**TASK**
Repeat the lines from the line with "MotoGP™ 25 Day One Edition PS5" to the line with "Opel Astra - 850" in the listing below, keeping both end lines and adding nothing.

**SOURCE RECORDS**
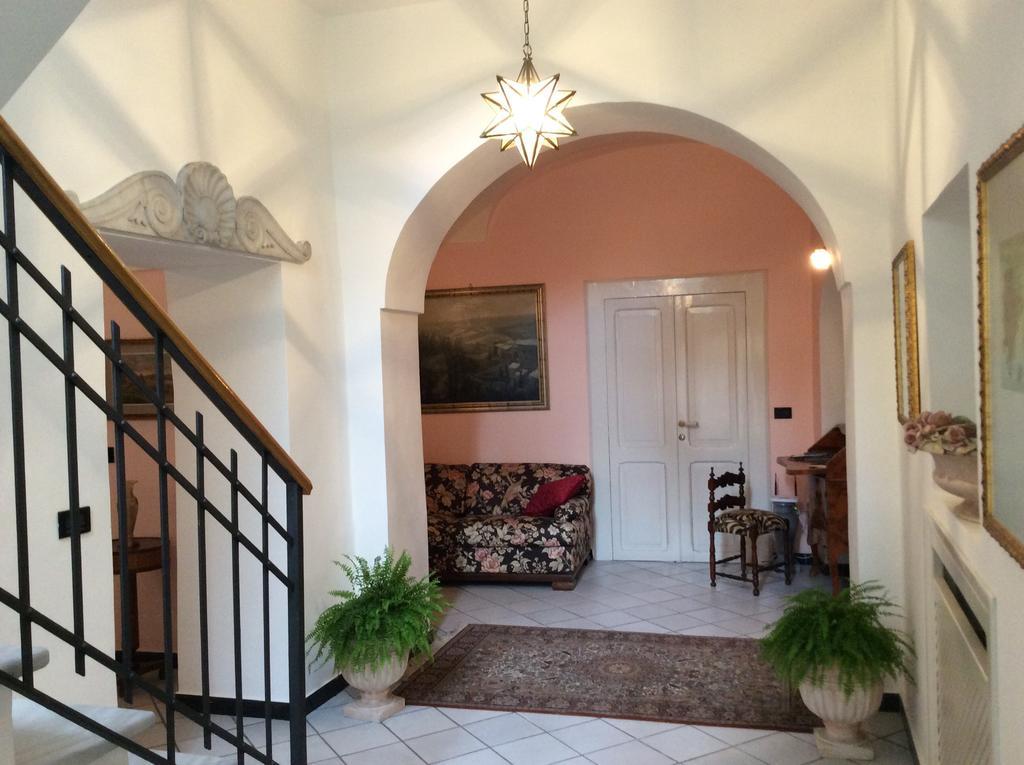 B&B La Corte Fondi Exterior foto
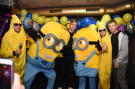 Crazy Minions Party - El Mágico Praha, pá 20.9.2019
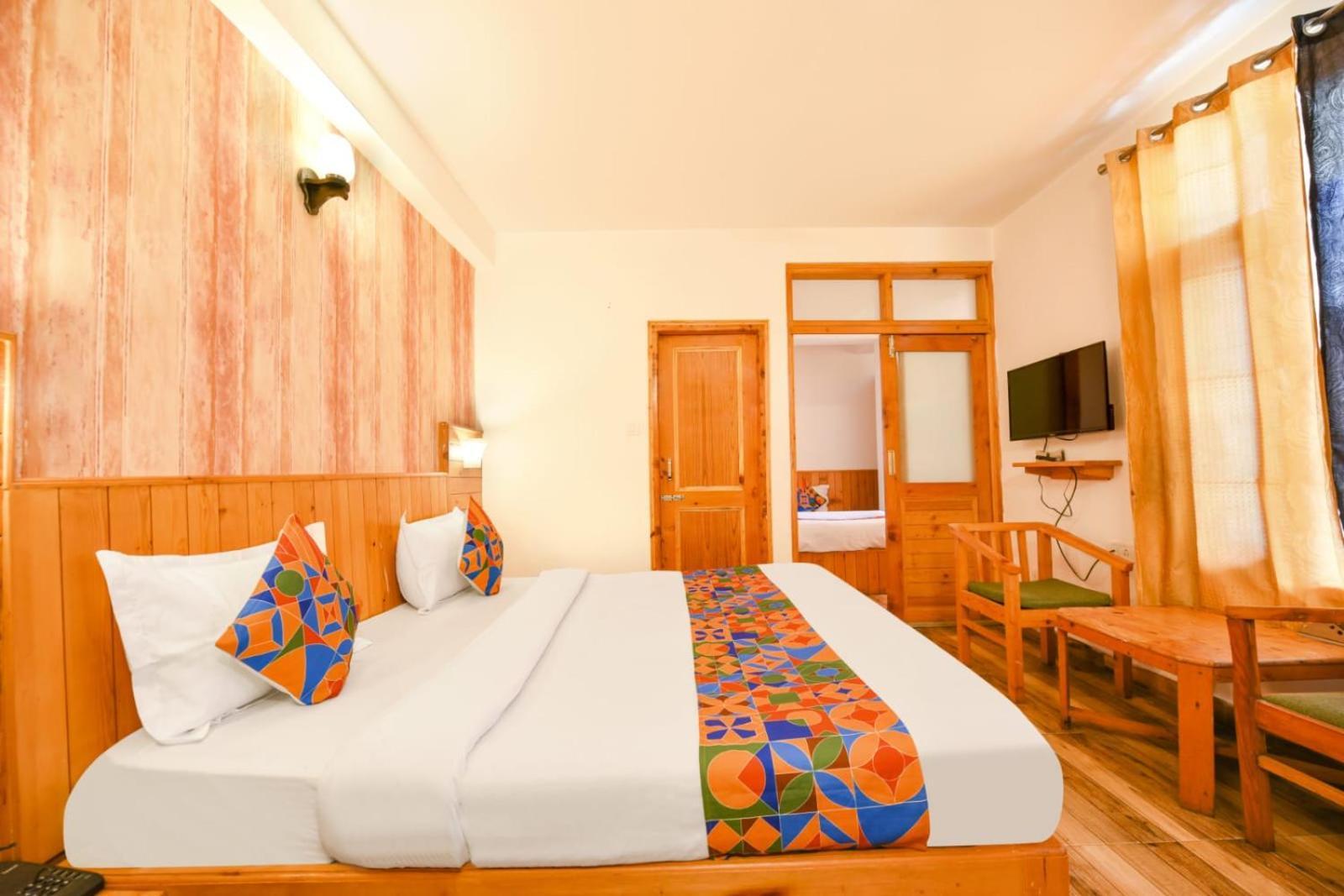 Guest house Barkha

--

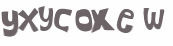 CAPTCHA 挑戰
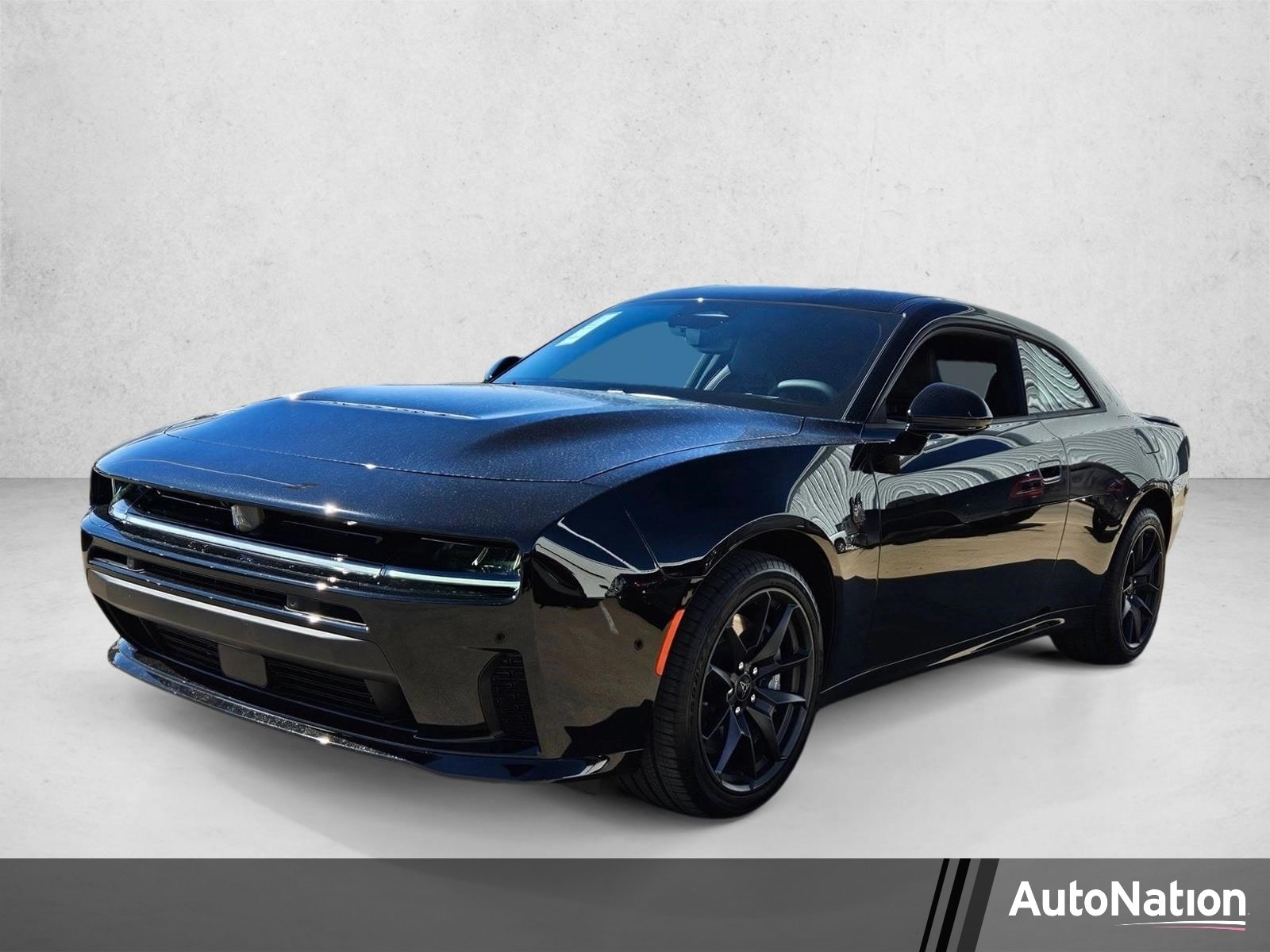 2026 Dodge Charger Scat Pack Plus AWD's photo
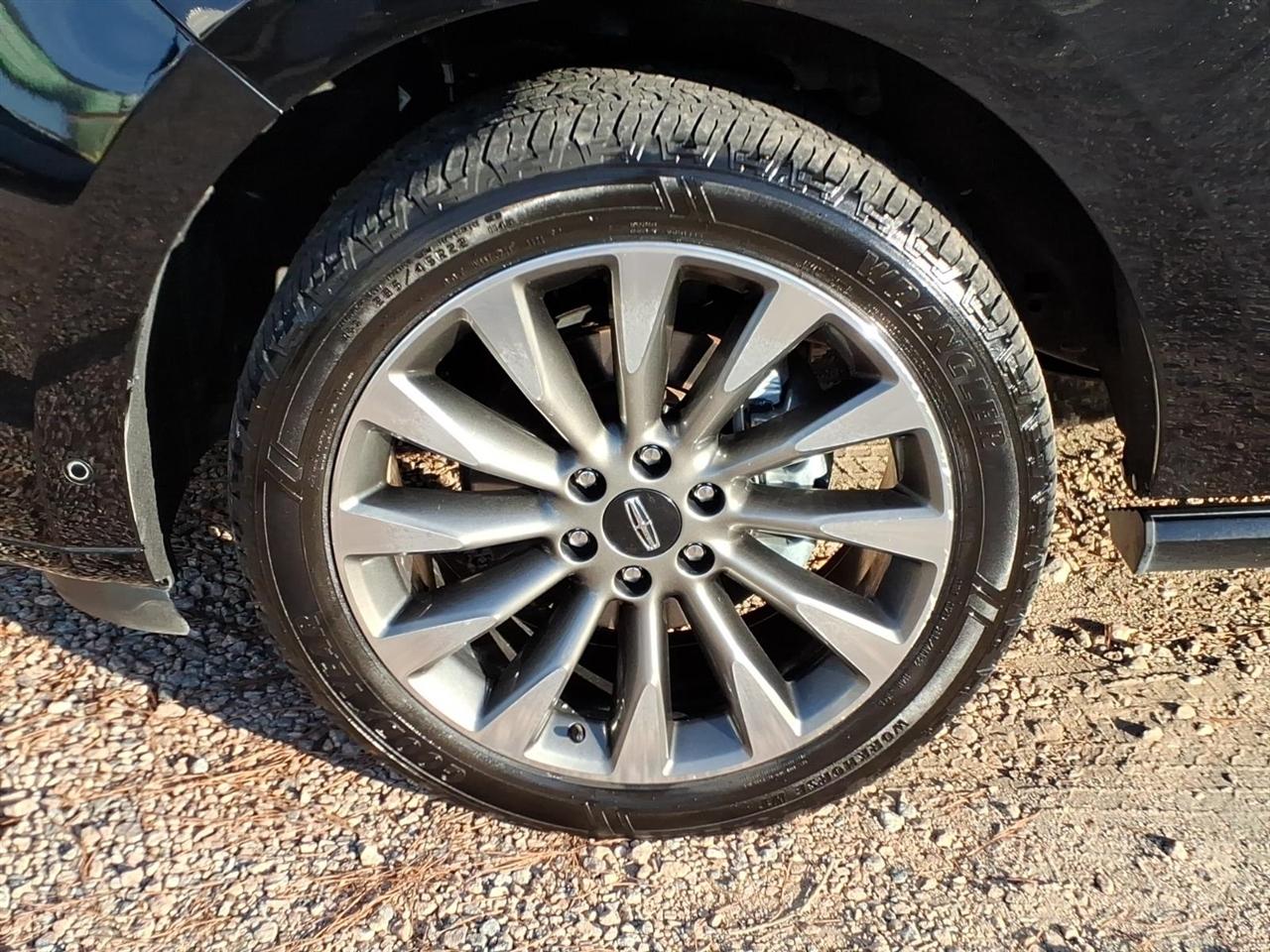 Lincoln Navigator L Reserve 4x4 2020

* * *

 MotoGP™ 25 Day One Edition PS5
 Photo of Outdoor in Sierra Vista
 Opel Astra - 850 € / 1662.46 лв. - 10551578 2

**PROBLEM SOLUTION**
 MotoGP™ 25 Day One Edition PS5
 Photo of Outdoor in Sierra Vista
 Opel Astra - 850 € / 1662.46 лв. - 10551578 2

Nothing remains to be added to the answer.